Shock and awe.
That’s what the European central bankers hoped to produce with their trillion dollar plan. On the face of it, they did just that. Global markets recovered about 5%, or half of the $3.7 trillion decline they’ve seen since the debt crisis hit the markets late last month. Some say the bailout doesn’t have enough teeth to force fiscal restructuring; some say they’ve come too late in the process. But no one has said it isn’t enough.
The Euro-zone has an economy almost the US. And their aggregate level of public indebtedness is about the same as ours. Now they’ve come up with a plan bigger than our TARP fund to shore up the finances of the marginal countries that threaten the Euro as a currency. This isn’t unreasonable. The TARP worked to stabilize the banks.

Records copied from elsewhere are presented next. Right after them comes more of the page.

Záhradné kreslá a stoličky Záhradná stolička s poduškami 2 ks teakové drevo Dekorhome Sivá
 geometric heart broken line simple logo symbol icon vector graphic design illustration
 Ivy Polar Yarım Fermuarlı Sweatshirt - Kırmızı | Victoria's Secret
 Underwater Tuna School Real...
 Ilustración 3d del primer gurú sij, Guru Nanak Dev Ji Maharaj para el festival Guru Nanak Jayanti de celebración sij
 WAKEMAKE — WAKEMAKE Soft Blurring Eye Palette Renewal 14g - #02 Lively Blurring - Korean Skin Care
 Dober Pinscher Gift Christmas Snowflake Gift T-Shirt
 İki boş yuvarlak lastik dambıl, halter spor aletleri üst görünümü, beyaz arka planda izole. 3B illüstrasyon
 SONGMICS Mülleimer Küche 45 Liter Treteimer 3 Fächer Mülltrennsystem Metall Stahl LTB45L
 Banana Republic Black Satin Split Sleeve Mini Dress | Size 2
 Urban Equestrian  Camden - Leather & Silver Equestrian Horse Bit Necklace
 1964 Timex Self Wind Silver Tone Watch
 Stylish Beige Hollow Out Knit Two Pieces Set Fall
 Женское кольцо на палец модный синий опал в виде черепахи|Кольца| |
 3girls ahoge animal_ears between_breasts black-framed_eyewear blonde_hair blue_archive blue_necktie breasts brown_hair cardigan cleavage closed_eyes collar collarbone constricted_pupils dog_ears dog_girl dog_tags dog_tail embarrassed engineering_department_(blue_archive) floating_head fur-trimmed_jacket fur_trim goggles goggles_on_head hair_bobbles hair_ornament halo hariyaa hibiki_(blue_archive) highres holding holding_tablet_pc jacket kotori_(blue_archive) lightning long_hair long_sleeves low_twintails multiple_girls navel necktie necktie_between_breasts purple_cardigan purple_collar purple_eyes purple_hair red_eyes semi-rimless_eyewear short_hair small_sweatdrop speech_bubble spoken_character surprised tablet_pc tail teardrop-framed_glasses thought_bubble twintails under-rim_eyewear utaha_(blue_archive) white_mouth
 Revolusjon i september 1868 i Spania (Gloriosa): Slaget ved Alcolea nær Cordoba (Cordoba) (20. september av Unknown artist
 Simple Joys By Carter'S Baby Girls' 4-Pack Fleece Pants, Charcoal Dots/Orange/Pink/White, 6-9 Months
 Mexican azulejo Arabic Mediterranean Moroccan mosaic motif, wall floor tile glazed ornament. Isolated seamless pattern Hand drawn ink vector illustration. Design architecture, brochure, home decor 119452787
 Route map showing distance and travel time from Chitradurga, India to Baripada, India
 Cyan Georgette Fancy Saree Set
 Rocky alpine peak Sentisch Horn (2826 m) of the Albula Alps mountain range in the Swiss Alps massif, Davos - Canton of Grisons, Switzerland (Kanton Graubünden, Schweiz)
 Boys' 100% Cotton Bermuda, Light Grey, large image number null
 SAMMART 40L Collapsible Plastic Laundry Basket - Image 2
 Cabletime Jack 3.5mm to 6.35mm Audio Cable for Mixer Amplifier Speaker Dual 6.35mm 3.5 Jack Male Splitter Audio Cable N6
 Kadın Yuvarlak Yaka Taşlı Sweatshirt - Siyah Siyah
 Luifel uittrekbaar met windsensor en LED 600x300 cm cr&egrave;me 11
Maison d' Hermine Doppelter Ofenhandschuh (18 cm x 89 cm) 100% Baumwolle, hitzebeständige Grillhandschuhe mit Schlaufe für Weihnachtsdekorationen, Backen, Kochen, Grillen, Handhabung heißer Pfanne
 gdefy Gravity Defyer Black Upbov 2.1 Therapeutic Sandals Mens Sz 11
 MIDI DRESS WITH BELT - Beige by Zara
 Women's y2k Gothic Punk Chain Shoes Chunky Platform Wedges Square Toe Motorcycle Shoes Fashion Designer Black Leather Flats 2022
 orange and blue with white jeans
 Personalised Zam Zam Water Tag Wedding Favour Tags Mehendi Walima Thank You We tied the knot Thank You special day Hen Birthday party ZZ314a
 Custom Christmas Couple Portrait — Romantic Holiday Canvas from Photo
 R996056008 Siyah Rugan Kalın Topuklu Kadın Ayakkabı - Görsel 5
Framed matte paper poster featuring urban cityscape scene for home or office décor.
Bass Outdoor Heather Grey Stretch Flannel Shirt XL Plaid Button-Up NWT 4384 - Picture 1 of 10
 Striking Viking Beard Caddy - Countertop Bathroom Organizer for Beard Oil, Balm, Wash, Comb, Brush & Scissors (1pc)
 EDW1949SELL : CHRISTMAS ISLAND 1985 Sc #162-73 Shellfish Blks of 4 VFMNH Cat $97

This just might work, too.
Now investors can focus on what the global economy is doing. In the US we’re moving up the slope of our “U-shaped” recovery, as more employment begets more employment. In Europe the signs are encouraging as well. In beleaguered Spain, electricity consumption is up 5% over a year ago, a solid indicator of growth in a country with 20% unemployment.
Fears that a financial meltdown in Europe could lead to the Crash 2.0 have, for now, been stemmed by this aggressive plan. Let’s hope that this long-running Greek tragedy can have a happy ending.